Entre as sugestões apontadas para preservação do ecossistema do Matopiba está a revisão das permissões do uso dos recursos hídricos locais. “Detectamos que as retiradas de água da região estão acima dos níveis de outorga. A fiscalização e atualização das permissões se faz necessária para que as práticas estejam de acordo com as possibilidades do ecossistema atual”, afirma a pesquisa.
Outro fator seria o monitoramento dos poços da Companhia de Pesquisa de Recursos Minerais (CPRM). “Os níveis de água estão baixando, mas a extração continua crescente. Por isso, é fundamental acirrar a fiscalização, para eliminar a utilização de poços clandestinos e o monitorar a exploração de novos locais de perfuração, visando o uso racional dos recursos”, salienta Minella.

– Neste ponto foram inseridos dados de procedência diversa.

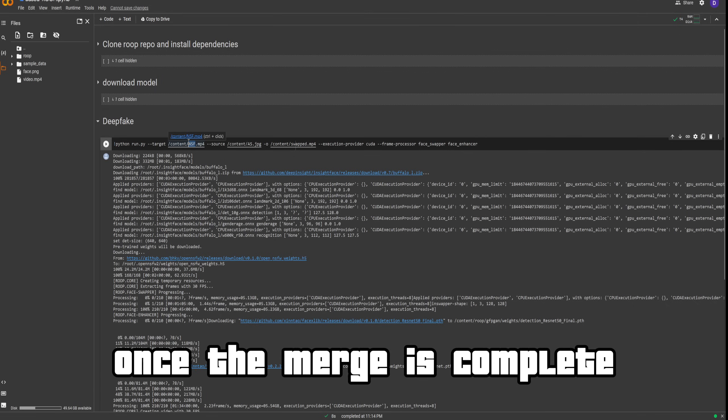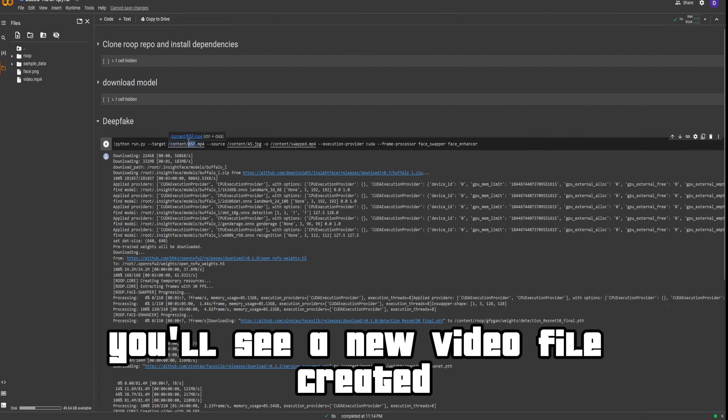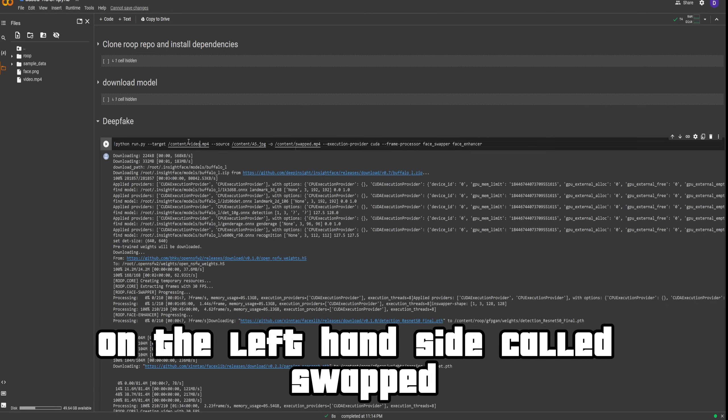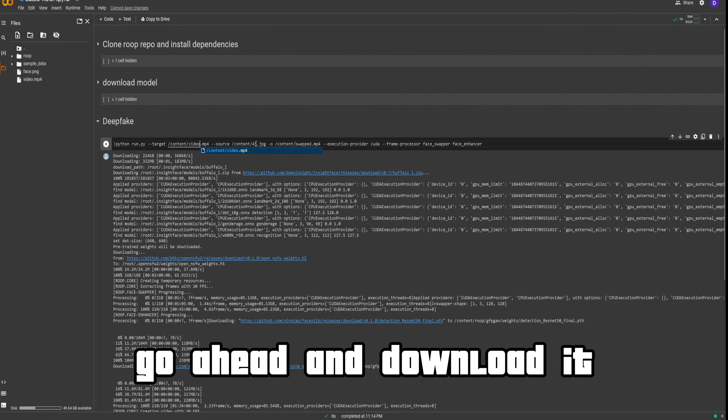Once the merge is complete, you'll see a new video file created on the left-hand side called 'swapped'. Go ahead and download it.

O grupo de pesquisadores recomenda ainda que haja acompanhamento das mudanças de uso e cobertura do solo para que áreas de recarga do aquífero não sejam comprometidas. “Sem a cobertura vegetal adequada, a água da chuva chega com mais força ao solo, escorrendo superficialmente e deixando de formar canais subterrâneos”, explica o estudo.
Pesquisadores
O estudo foi realizado pelo Inpe e faz parte do projeto Nexus – Caminhos para a Sustentabilidade, coordenado por Jean Ometto, pesquisador do Inpe e membro da coordenação do Programa FAPESP de Pesquisa sobre Mudanças Climáticas Globais. O trabalho foi idealizado pela cientista do Inpe Ana Paula Aguiar e realizado em parceria com o Centro de Resiliência de Estocolmo (Suécia). A primeira autora do artigo foi pesquisadora do Inpe Minella Alves Martins, orientada pelo pesquisador Celso von Randow, também do Inpe e com apoio da FAPESP.